I love explainers like these because my Python code looks like C without the curly braces and semicolons.

pizza 3 years ago

Neat trick with generators: refactoring out related looping structures across multiple different functions, for greater reusability

henron 3 years ago

I really prefer working with functional transformations over containers (including iterators).

saeranv 3 years ago

What's a functional transformation?
- ghostwriter 3 years ago
  
  fmap, fold, traverse, join
  
  saeranv 3 years ago
  
  I guess I'm lacking some background to understand this.
  So, I recognize fold, from the above operations ('reduce' in python), what makes it a "functional transformation"?
  I'm googling function/functional transformations, and the results refer to translating, flipping or scaling a function, like transforming f(x) to f(x + 2) or f(x) + 2. It doesn't seem like it has anything to do with what you guys are referring to, but correct me if I'm wrong.
  
  yababa_y 3 years ago
  
  function as in functional programmi ng. https://youtu.be/2MXyNS33t2k is an indepth video on how c++ and haskell sequence transformations work and contrast.

ggm 3 years ago

A parenthetical comment: I've always liked the imagery a "crash" course gives me:

Either its the course of treatment you get after a crash

Or it's the course of actions which is going to lead to a crash.

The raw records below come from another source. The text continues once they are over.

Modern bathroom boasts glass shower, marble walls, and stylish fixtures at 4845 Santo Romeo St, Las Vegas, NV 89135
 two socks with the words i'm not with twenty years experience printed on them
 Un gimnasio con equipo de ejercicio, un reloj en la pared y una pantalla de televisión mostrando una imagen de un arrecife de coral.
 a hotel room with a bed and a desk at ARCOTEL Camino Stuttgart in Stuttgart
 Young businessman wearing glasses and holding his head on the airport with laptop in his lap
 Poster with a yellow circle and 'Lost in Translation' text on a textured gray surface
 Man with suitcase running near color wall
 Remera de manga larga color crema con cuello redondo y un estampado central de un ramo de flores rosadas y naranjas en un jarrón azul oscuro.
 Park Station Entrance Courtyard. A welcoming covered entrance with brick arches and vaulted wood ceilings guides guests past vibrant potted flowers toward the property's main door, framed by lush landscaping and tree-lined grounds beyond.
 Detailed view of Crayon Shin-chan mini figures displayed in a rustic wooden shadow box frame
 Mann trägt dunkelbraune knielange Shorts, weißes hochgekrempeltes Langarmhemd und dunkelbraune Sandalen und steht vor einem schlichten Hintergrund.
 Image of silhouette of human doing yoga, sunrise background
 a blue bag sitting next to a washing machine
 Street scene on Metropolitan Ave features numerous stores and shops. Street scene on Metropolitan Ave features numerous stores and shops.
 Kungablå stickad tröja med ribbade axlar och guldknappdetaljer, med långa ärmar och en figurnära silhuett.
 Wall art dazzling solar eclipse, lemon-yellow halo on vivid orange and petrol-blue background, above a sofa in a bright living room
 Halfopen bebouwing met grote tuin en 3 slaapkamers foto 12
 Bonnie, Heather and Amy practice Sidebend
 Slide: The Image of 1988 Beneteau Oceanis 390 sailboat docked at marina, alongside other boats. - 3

eyelidlessness 3 years ago

I’ve always taken it to mean it’s fast and unthorough, which I suppose aligns with your latter case but I think it’s a specialized usage still.
- ggm 3 years ago
  
  It's usually the least worst choice for somebody thrown into unexpected situations. Deliberately walking to a crash course on anything to avoid the long learning path is like autodidactism: it works, kinda, and kinda not.
  I should add I'm a serial offender.